La storia degli Atrophy è un classico: appartenenti alla seconda ondata Thrash, dopo due album si sono sciolti, per poi ritornare nel 2015 e scindersi in due distinte band nel 2020: da una parte Tim Kelly ha formato gli Scars of Atrophy (con all’attivo l’EP ‘Nations Divide’ del 2022), dall’altra Brian Zimmerman ha messo su un nuovo gruppo mantenendo il monicker originale.
Il risultato di quest’ultimo è, appunto, ‘Asylum’, disponibile dal 15 marzo 2024 via Massacre Records.
La formula è sempre la stessa: Thrash Bay Area vecchio stampo, solido e ruvido allo stesso tempo, incazzato, sguinzagliato allo stato brado e basato sulla velocità smodata e su un tocco di follia.
Assolutamente nulla di nuovo: ‘Asylum’ mescola Metallica, Testament, Exodus, Slayer, Death Angel per farli diventare Atrophy, esattamente come fatto al loro esordio. In più viene aggiunta una produzione moderna, che porta brani senza compromessi al massimo della detonazione e potenza, lasciando integra la loro natura selvaggia appartenente, per scrittura, più al passato che al presente.
Discorso difficile per dire che ‘Asylum’ ha un buon tiro Old School, energico e ribelle, con nove pezzi lanciati spediti a sfondare qualsiasi muro.
Riff al fulmicotone, una batteria che fa gli straordinari, una voce caustica e decisa (anche se un po’ aiutata da controvoci, riverbero, ecc. ma lasciamo stare … che poi pensiamo alla resa live e roviniamo tutto) e parti melodiche dinamiche con un buon protagonismo delle chitarre. Il Thrash degli Atrophy è da manuale, portavoce di quell’anticonformismo che, negli anni ’80 aveva unito la furia rivoluzionaria dell’Hardcore con la potenza oscura dell’Heavy Metal.
Di contro, il voler correre senza mai fermarsi e l’evitare pause, al massimo il rallentare lievemente ma senza mai scendere sotto il limite di velocità (eccetto un paio di arpeggi in ‘Close My Eyes’ e ‘Five Minutes ‘Til Suicide’ più che altro fini a sé stessi e qualche mid tempo qua e là), porta ad una certa uniformità del songwriting.
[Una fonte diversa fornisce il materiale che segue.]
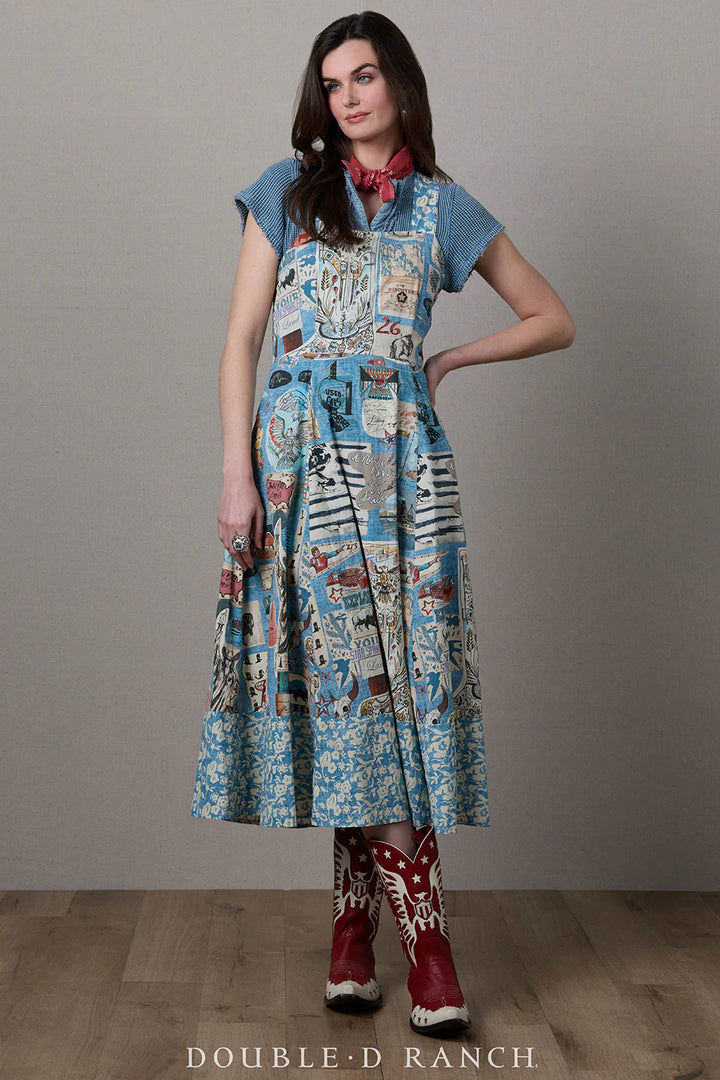 Sea to Shining Sea Apron Dress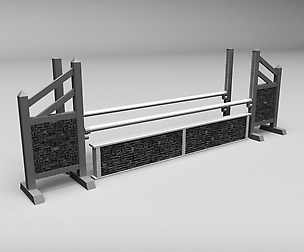 Horse jump obstacle 03
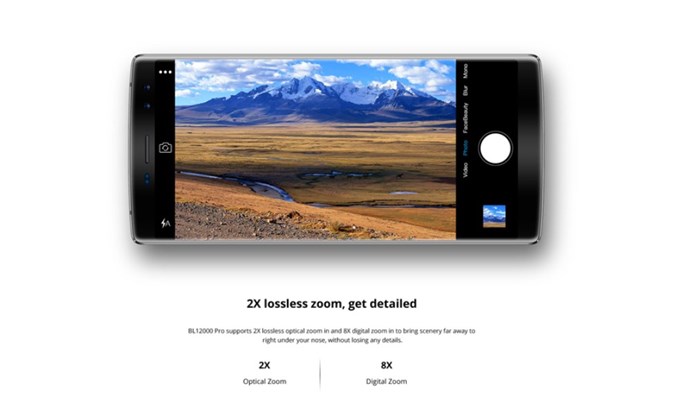 DOOGEE BL12000 Proのメインカメラは光学の2倍ズームレンズを搭載しています。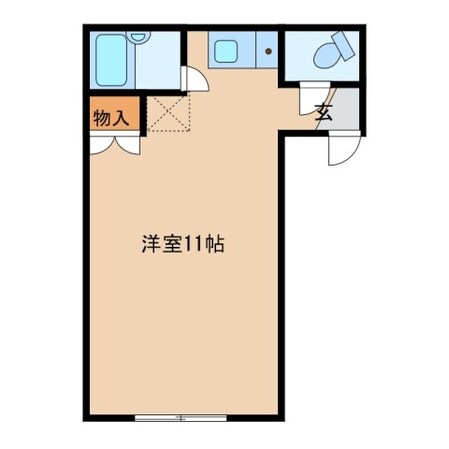 コーポ桜の物件間取画像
Così, mancano quel paio di pezzi che si ricordano, che diventano il simbolo dell’album, che ti fanno dire “questi sono gli Atrophy”. Alla fine ‘Asylum’ è un bel disco ma che, per questo motivo, diventa anche abbastanza anonimo. Non solo, passata la metà (da ‘American Dream’) le tracce diventano anche più difficili da ascoltare, più ostiche nelle strutture, diciamo … ed anche se non sono male il coinvolgimento diminuisce.
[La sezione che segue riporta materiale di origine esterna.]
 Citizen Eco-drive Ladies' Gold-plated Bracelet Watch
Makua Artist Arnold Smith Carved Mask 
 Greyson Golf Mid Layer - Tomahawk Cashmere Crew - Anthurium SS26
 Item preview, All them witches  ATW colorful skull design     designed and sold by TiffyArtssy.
Riassumendo: ci troviamo di fronte un buon lavoro, dal sapore genuino, ma che non decolla totalmente … dopo un po’ di salita si assesta e viaggia orizzontalmente.
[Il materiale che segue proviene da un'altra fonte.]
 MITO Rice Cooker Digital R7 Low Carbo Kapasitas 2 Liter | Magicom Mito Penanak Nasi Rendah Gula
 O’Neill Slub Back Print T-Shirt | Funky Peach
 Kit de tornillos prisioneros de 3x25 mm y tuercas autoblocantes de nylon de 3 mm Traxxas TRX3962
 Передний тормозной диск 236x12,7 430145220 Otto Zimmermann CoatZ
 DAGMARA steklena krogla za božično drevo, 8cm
Valore aggiunto al disco sono Kragen Lum (Heathen), che suona l’assolo su ‘American Dreams’, e Justin Stear (Alphakill), che suona il basso su ‘American Dreams’, ‘Close My Eyes’ e ‘Distortion’.
‘Asylum’ è stato prodotto, mixato e masterizzato da Alex Parra ai Second Sight Studio di Atlanta.